I. Se sulla dichiarazione sorgono contestazioni, il giudice dell’esecuzione le risolve, compiuti i necessari accertamenti, con ordinanza. L’ordinanza produce effetti ai fini del procedimento in corso e dell’esecuzione fondata sul provvedimento di assegnazione ed è impugnabile nelle forme e nei termini di cui all’articolo 617.

Ma v’è di più.

Dall’introduzione dell’indispensabile obbligata apertura di conto corrente per l’accredito di tutte quelle somme che superano i 1.000 euro, si è innescata una situazione a dir poco paradossale in quanto, se prima un creditore per avere le sue somme aggrediva il debitore nelle forme più consuete – ovvero pignorando gli stipendi o le pensioni direttamente alla fonte, non considerando nemmeno il conto corrente (se ed in quanto esistente) poiché sicuramente in rosso -, ora invece, con il passaggio obbligato sul conto di deposito di tutti gli accrediti ai fini della cosiddetta tracciabilità, è più facile attaccare gli Istituti di Credito presso il quale il debitore ha un conto corrente e, se c’è capienza, recuperare il tutto in una volta sola e non solo in percentuale fino alla concorrenza dell’intero debito.

Questo accadrebbe perché, dal momento che il conto corrente dovesse venire pignorato, per il cliente/debitore non vi sarebbe più alcuna possibilità di poter effettuare operazioni di prelievo su quel conto fino a nuove disposizioni di un giudice (al quale inevitabilmente ci si dovrà affidare) o fino alla completa estinzione del debito nei confronti del creditore.
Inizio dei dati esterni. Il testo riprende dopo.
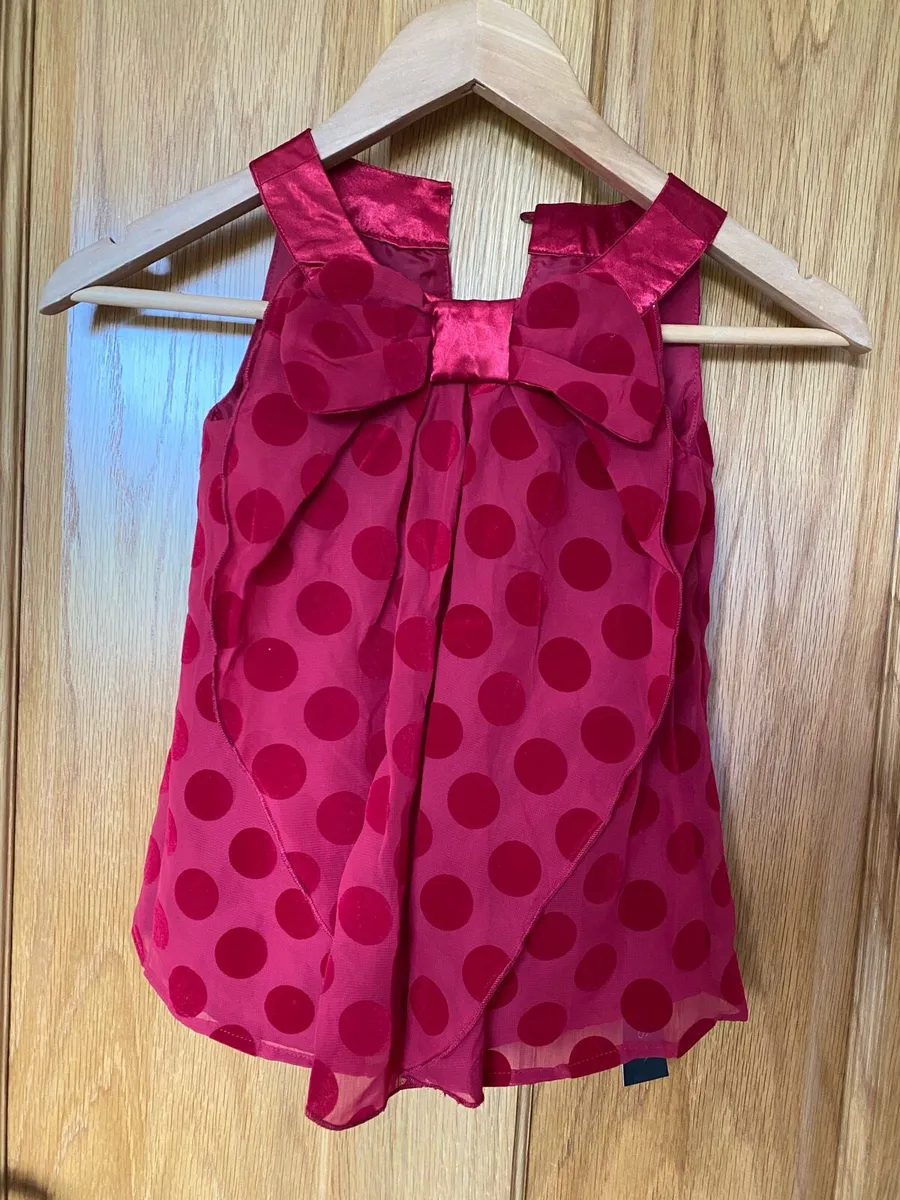 Girls Elegant Red Velvet Occasional Outfit - Image 2
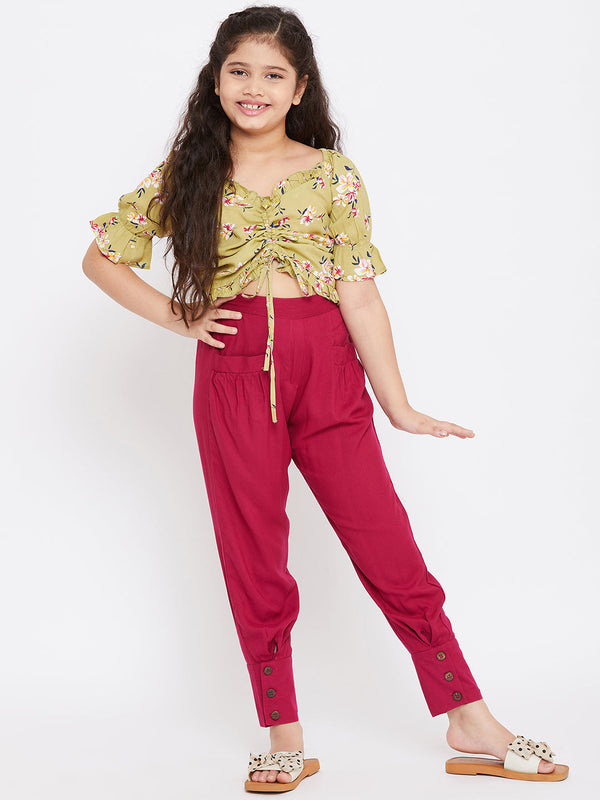 Girl's Printed Top with trousers Pant - Green StyloBug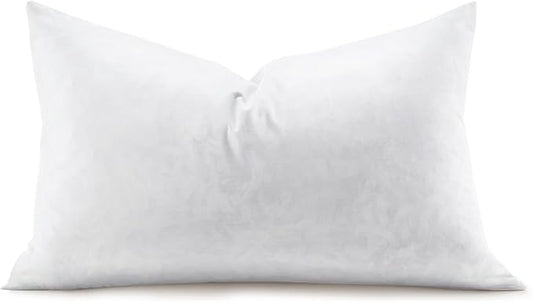 Feather Rectangle Lumbar Pillow Insert, Soft Fluffy 16 x 26 Inches Decorative Throw Pillow Insert for Bed, Couch and Cushion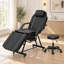 Fauteuil de soin du visage électrique à hauteur réglable avec tabouret à roulettes et coussin amovible - Noir-1425270869-1529925099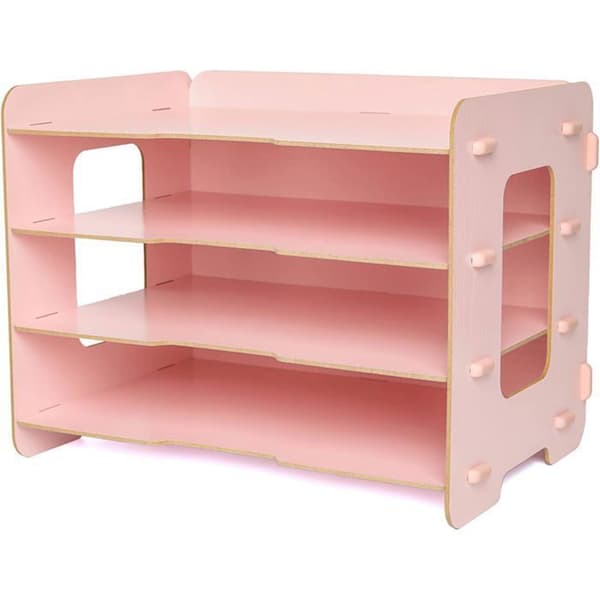 EXERZ Rosa trädfilorganisatör med 4 nivåer för skrivbord, läxor, anteckningsböcker, brev, tidningar och DIY-dekoration.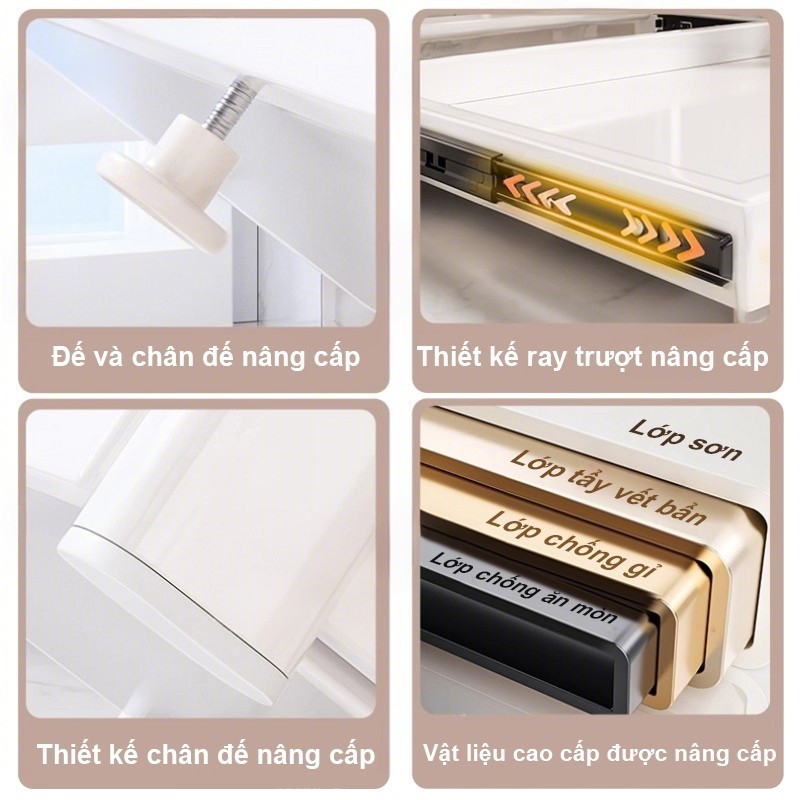 Kệ Lò Vi Sóng có thể điều chỉnh  Kệ để đồ nhà bếp khả năng chịu tải mạnh mẽ kệ đựng đồ đa năng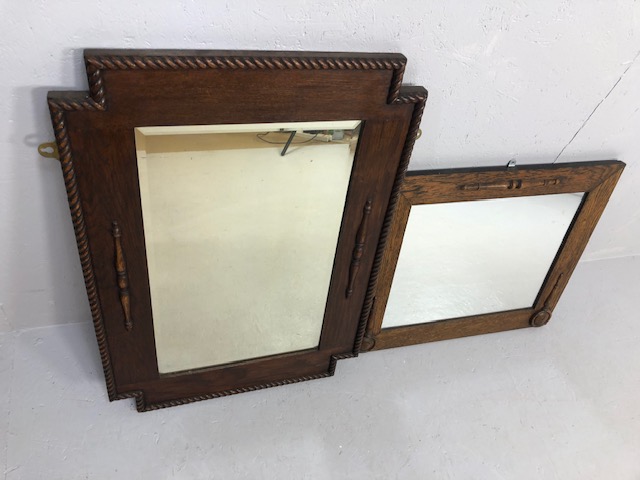 Vintage mirrors, two Mid 20th Century oak framed mirrors with raised decoration, one approximately - Image 4 of 5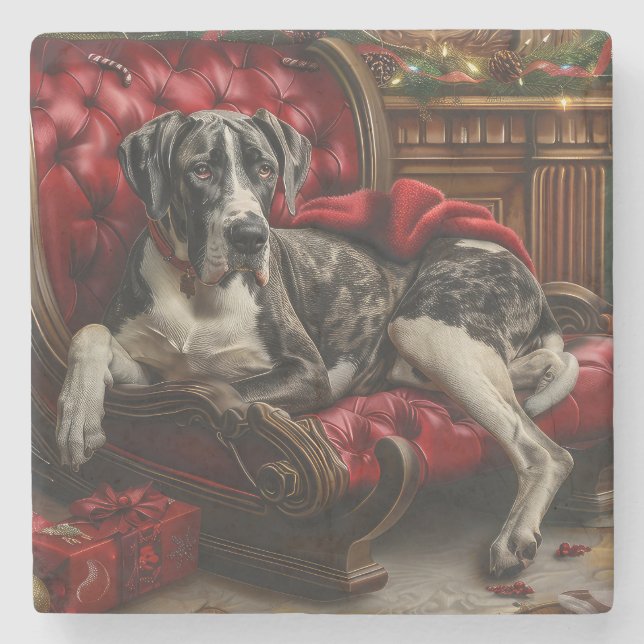 Great Dane Hund Weihnachten Steinuntersetzer (Vorderseite)
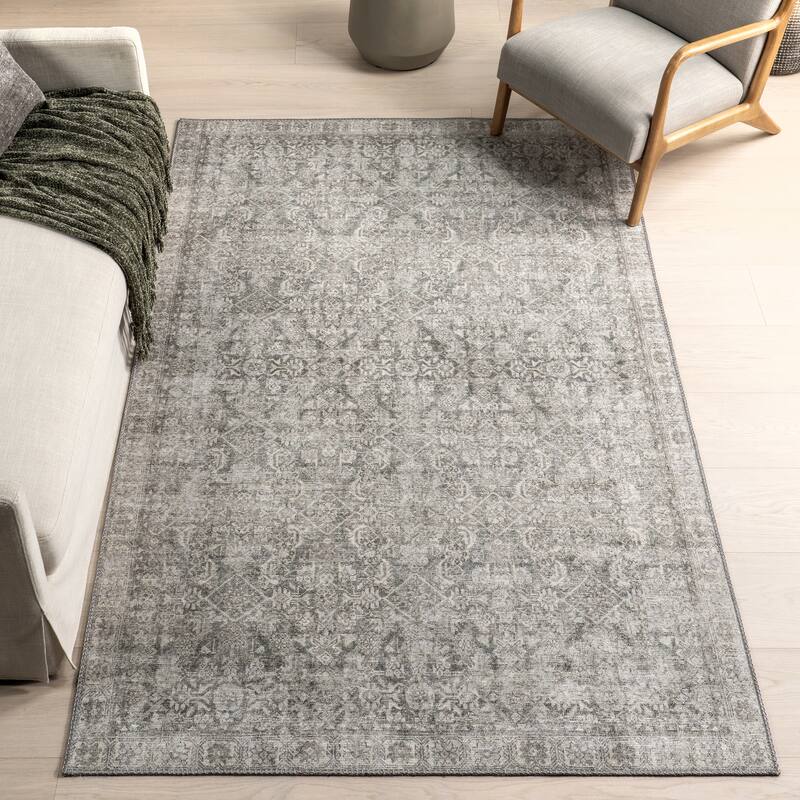 Nuloom Hillstone Collection Traditional Vintage Medallion Area Rug - 6' 7" x 9' - Calianna Grey - Rectangle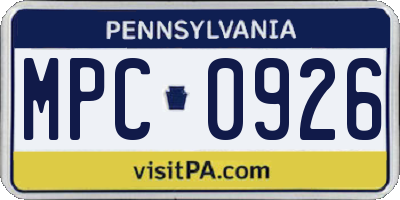 PA license plate MPC0926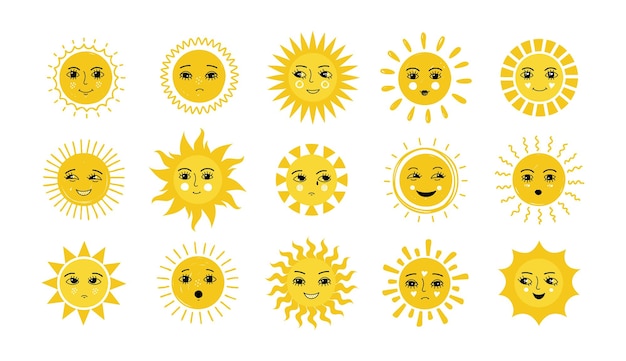 Twarz Słońca Doodle żółte Uśmiechy Z Promieniami Słońca Na Białym Tle Szczęśliwy I Smutny Zestaw Emoji Słoneczna Pogoda śmieszne Naklejki Ręcznie Rysowane Okrągłe Kształty Wektor Kreskówki Zachód Lub Wschód Słońca Elementy Graficzne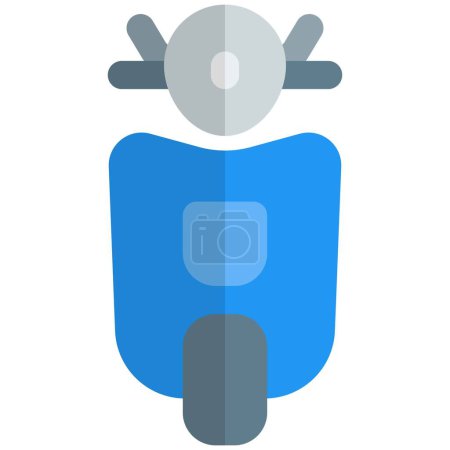 Illustration for An old-style scooter's front view. - Royalty Free Image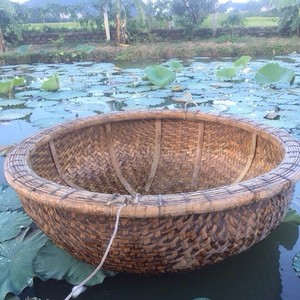 Cesta de Bambú Natural Tejida a Mano, Bote Tradicional Redondo Tipo Coracle, Embarcación para Ríos de Vietnam, Decoración para Resorts y Tours Ecológicos - Macy - Product Image 4
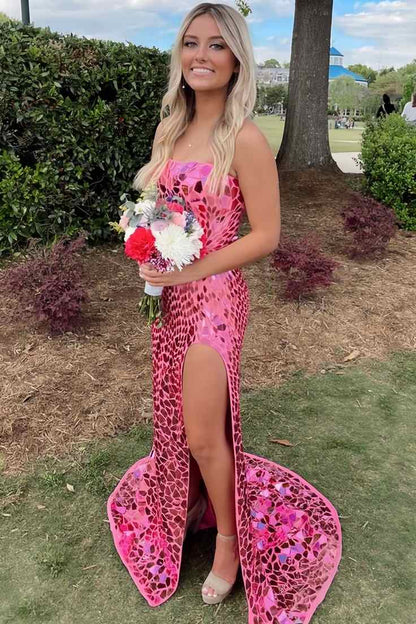 Strapless Mirror-Cut Sequins Mermaid Long Prom Dress with Slit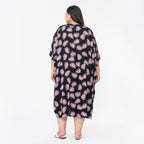 Tamsy V Neck 100% Viscose Midi Dress (One Size 8-18) - Black_7346143_1
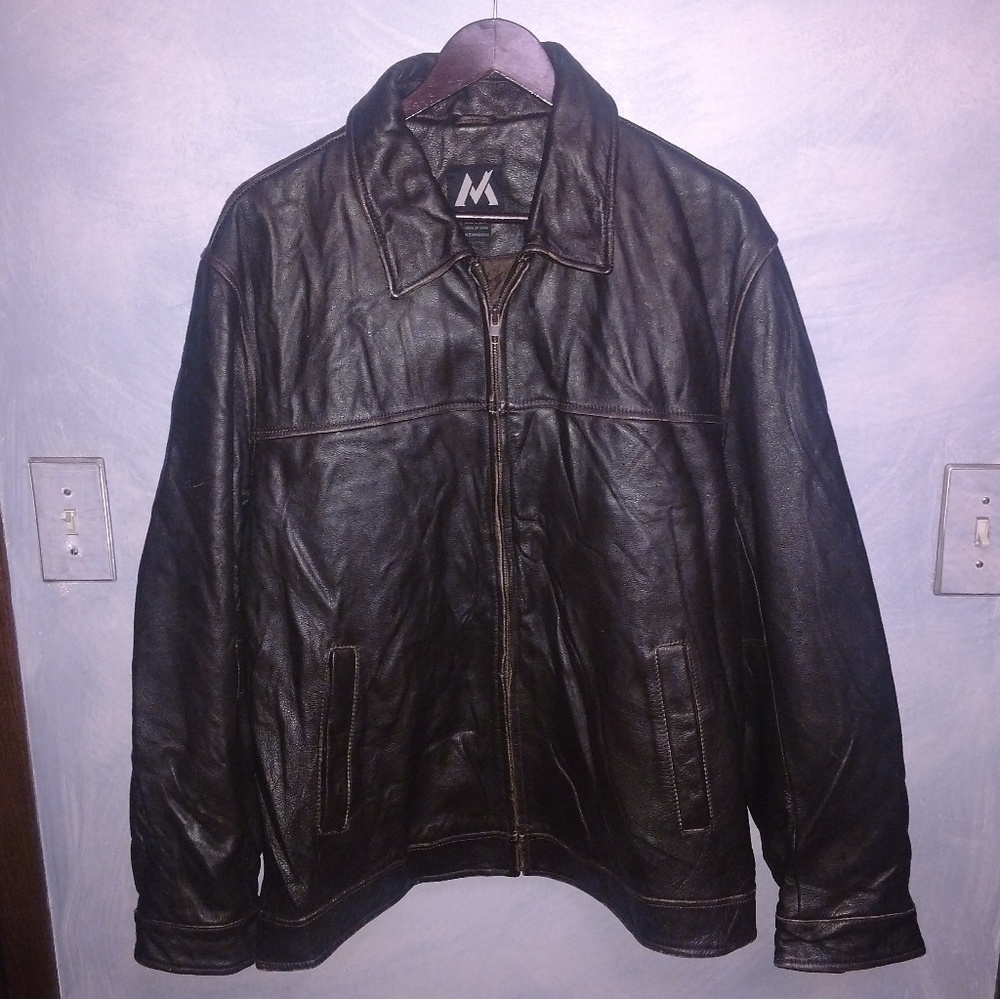 Distressed leather biker jacket, brand unknown.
Verrebbero impediti anche eventuali disposizioni automatiche di pagamenti, creando così un’inevitabile insolvenza anche nei confronti di altri.

Ora, per tornare alla triste analogia del gioco “ruba bandiera”, ho la sensazione che non basterà il sit in davanti all’istituto di credito presso il quale sono canalizzati (obbligatoriamente) lo stipendio o la pensione (insieme a qualche risparmio di una vita di sacrifici), poiché sono certa che simili atti espropriativi seguano canali telematici più competitivi di un’occupazione territoriale del diretto interessato!

Pertanto, se ci si dovesse trovare in una simile condizione, prima ancora di arrivare al pignoramento presso terzi, una volta saputo del debito sarebbe preferibile convertirlo, sempre se dovuto, in una richiesta di rateizzazione in modo tale da non trovarsi senza alcuna risorsa per vivere, perché non escludo che si possa giungere a tanto: chi non effettuerebbe un pignoramento fruttuoso così da ottenere il credito in un’unica soluzione piuttosto che aspettare di ricevere lentamente le somme nella percentuale di circa il 20% (un quinto) dello stipendio o pensione netta del debitore?